EXERCISE GOAL: Skipping any pictures, repeat exactly and only the lines from the one that holds "公寓 Luxury Flat In Galata 伊斯坦布尔" to the last line of the material, both included.

DATASET EXTRACT:

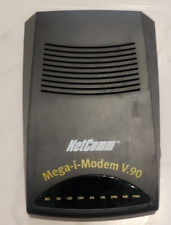 NETCOMM CD2004 MEGA-i-MODEM V.90 MODEM DIAL-UP SERIAL 56K retrô vintage comprar usado  Enviando para Brazil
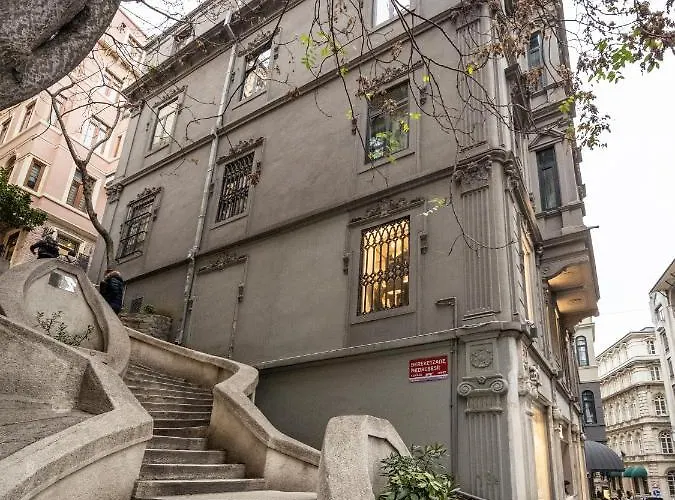 公寓 Luxury Flat In Galata 伊斯坦布尔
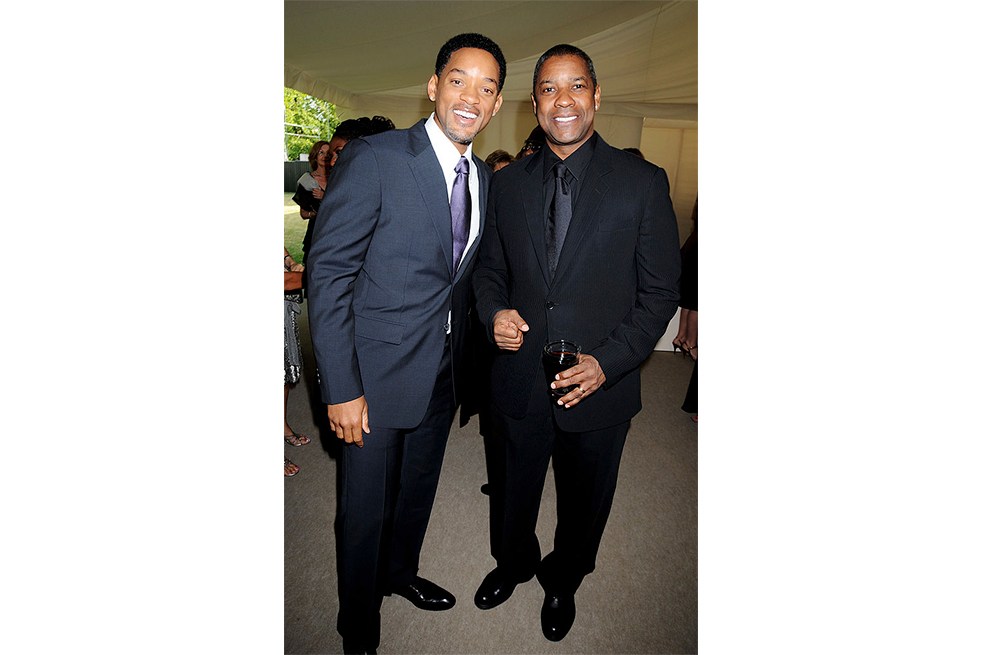 Denzel y Will son amigos desde hace años. La pasada noche de los Óscar Denzel se acercó a Will luego de la cachetada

ANSWER TO THE PROBLEM:
 公寓 Luxury Flat In Galata 伊斯坦布尔
 Denzel y Will son amigos desde hace años. La pasada noche de los Óscar Denzel se acercó a Will luego de la cachetada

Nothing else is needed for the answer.